Berry Tramel: “Absolutely the Thunder got better this season. The Heat was and is a big favorite to repeat. But the Thunder was favored over the Heat last June in the Finals. The Thunder certainly could have made a run at the championship this season. But then Westbrook went down, and opportunity was lost. The Thunder will have many more chances. But the number of years is not infinite. The clock is ticking.”
Eric Freeman of BDL: “Given the circumstances of Westbrook’s injury, it’s fair to wonder how things may have been different if he had not been lost for the playoffs. Yet it’s clear that the Thunder would have faced a considerable challenge in the Grizzlies no matter their luck. Memphis is a uniquely talented squad with a clear sense of their own identity. Although they’re not the highest seed left in the West, they could be the conference’s scariest team at this juncture of the postseason.”
Ramona Shelburne of ESPN.com: “The Thunder likely will be favored to win the Western Conference again next season with a healthy Westbrook and Durant.

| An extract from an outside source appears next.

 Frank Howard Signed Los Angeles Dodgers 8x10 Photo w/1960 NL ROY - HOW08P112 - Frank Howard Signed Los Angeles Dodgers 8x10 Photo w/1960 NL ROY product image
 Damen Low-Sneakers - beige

But the team does face some important offseason questions. Sixth man Martin is an unrestricted free agent. Center Kendrick Perkins is a potential amnesty candidate. Martin said he was looking forward to the process of being an unrestricted free agent, but it was too soon to focus on it yet, with the season having ended so abruptly.”

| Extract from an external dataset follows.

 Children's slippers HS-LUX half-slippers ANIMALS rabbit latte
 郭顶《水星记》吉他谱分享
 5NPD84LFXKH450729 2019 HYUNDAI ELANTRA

Rudy Gobert, a player that Sam Presti has personally scouted, measured impressively at the combine yesterday. Rudy Gobert 7’0.5″ in socks and 7’2″ in shoes with a 7’8.5″ wingspan and 9’7″ standing reach.

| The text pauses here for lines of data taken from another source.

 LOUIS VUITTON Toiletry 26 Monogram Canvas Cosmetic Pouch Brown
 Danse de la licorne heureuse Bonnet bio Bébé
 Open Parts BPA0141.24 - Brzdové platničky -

Fantastic reader email to Berry Tramel: “Let’s assume (though we can never know, can we?) that the Thunder don’t do anything wild between now and after the draft. They could find themselves mildly in tax territory just by drafting with the picks they will have. Even if they wound up, say, $4 million over the tax line (a very high estimate), that would be a tax of $6 million. Does it make sense to spend $9 million (in Year 1 and over $18 million overall) to save $6 million? I’d have a hard time justifying that. Only they wouldn’t really save that. It stands to reason that OKC would need to sign someone to replace him. The Thunder could always adopt a smaller starting lineup next season by moving Ibaka to the 5 (center) and KD to the 4 (power forward), but that’s going to require either a new coach or a major philosophical programming change in Scott Brooks. So who’s going to be available this summer in terms of a true center? Let’s logically eliminate Dwight Howard, Andrew Bynum and Nik Pekovic. That leaves folks like Zaza Pachulia. Old friend Byron Mullins. Chris Kaman. Timofey Mozgov (an admittedly intriguing idea a year ago). Tiago Splitter. That’s about it before you start moving from questionable ideas to very questionable ideas. Do any of those ideas move the needle at all? And if you do that, now you’re spending $13-$15 million on the center position next season with little to no improvement over what you would have had.”
Kevin Arnovitz of ESPN.com on re-signing Kevin Martin: “For the right price, absolutely. Martin can give them what they want offensively in that role, and he largely did this season. He led the team in offensive rating and had a true shooting percentage above 60 percent. This is no longer about James Harden, because he isn’t coming back. If the Thunder pass on Martin, they’ll have to find someone else who can deliver the production.”